3) Wenn man sehr oft ans Meer fährt und zudem noch in einer Stadt mit einem großen Fluss wohnt, kann der Hund genauso gut auch einfach irgendetwas anderes aus dem Wasser holen. In unserem Fall Bälle. Ohne Schwimmen würde sie eingehen, fürchte ich, aber kann man ja auch ganz unjagdlich machen.
4) Sehr viele Dinge, die ich für den Alltag mit dem Hund wichtig finde, wurden nicht behandelt, ich wollte meine Energie aber lieber dort einsetzen als für die Loslaufen auf links.
Das Allerwichtigste, was wir 18 Monate lang tagtäglich und ohne eine einzige Ausnahme wiederholt haben, ist das Kommen auf Pfiff. Von Tag 1 an bin ich mit Hundepfeife in den Wald gegangen, und sie ist in ihrem ganzen Leben noch nie auf Pfiff gekommen, ohne gelobt zu werden. Die ersten 10 Monate gab es bei jedem Kommen einen Hundekeks, dann in der Pubertät gab es für lieb Hören einen Keks, für kommen auf Pfiff ein Stück Knackwurst, heute gibt es einen warmen Tätschler, da sind erwachsene Labradore aber auch zufrieden mit. Natürlich darf man niemals nie sagen, aber die Vollbremsung bei Pfiff ist eine körperliche Reaktion, die sie seit zwei Jahren gar nicht mehr hinterfragt, und ich hinterfrage nicht, dass sie immer kommt. Ich finde es übrigens erschreckend, wie viele große Hunde im Wald freilaufen, die nicht kommen, wenn man sie ruft. Ich kann nicht sagen, ob das repräsentativ ist, aber in unserer Blase sind das die allermeisten.
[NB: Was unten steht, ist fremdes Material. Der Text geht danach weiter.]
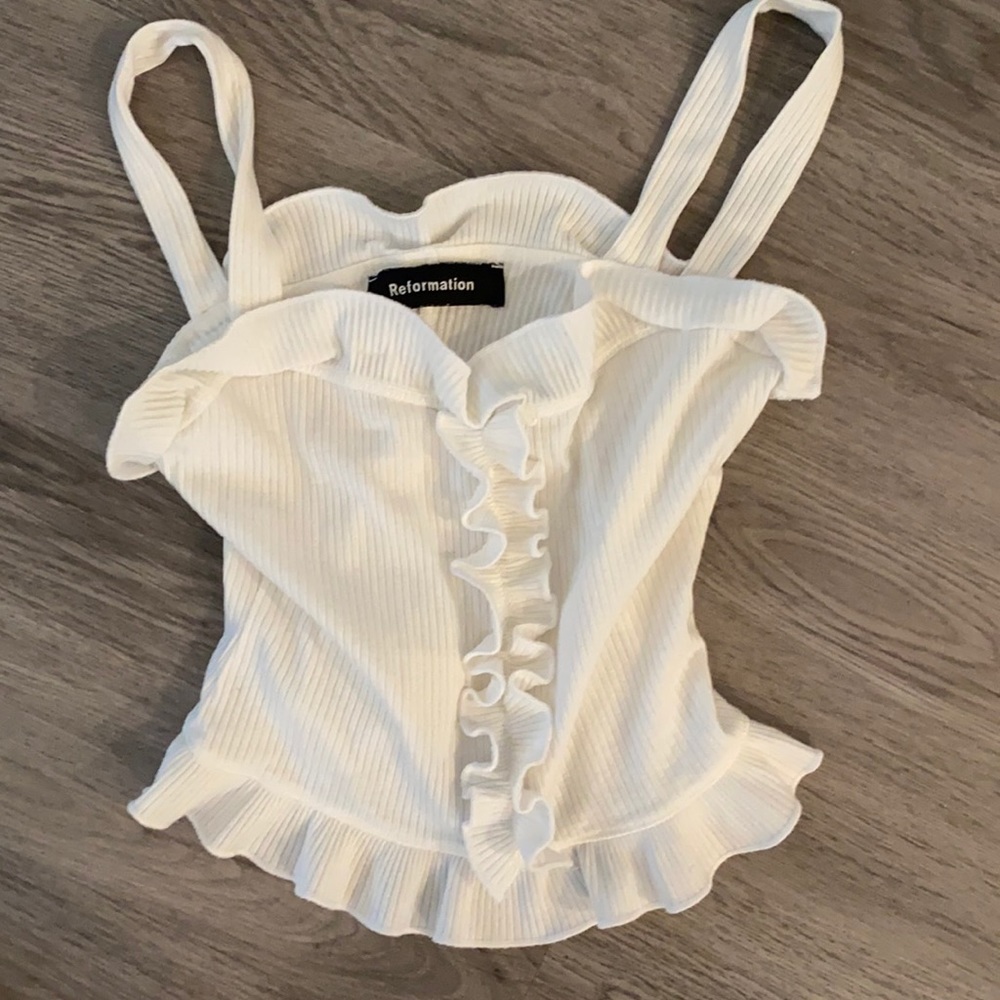 Reformation white ribbed crop top with ruffle detailing. SX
Mein Mann ist zwar 2 Meter groß, hatte aber vor dem Mops schon Angst, und nun hat er vor Fiene sicherlich keine, dennoch hat er mir die Augen geöffnet für ein Leben mit Hundeangst, und welche Situationen diese auslösen. So haben wir auch ab Tag 1 alltagsrelevante Kleinigkeiten geübt, die uns heute im Wald viel Lob einbringen. Es gibt zum Beispiel Tausende von Joggern, die ja aus der Entfernung, wenn sie auf uns zu joggen, gar nicht wissen, ob der große schwarze Hund nur spielen will oder lieber einen Jogger essen. Nachdem ich das von dem ehemals joggenden Mann erklärt bekam, lernte Fiene, von Joggern wegzugehen. Wenn uns in 30 Metern Entfernung einer entgegenkommt, dreht sie sich um und geht hinter mich. Dabei guckt sie mich niedlich an, da sie davon ausgeht, dass ich das toll finde. Tu ich dann auch, und der Jogger auch, nicht selten halten die an und bedanken sich. Denn selbst, wenn der Hund nicht auf sie zuläuft, fühlen die meisten sich nicht wohl, wenn sie vom Hund taxiert werden. Wäre ich niemals drauf gekommen, ich freu mich ja über jeden Pitbull, der auf mich zurennt. Das Gleiche machen wir mit kleinen Kindern, Radfahrern, etc… Nun kann man sagen, dass der arme Hund im Wald ja gar nicht entspannen kann, wenn er immer überlegen muss, ob er jetzt neben oder vor oder hinter mir laufen muss, aber die Alternative ist ja, dass ich nicht entspannen kann, und das muss ich jetzt nicht näher erläutern.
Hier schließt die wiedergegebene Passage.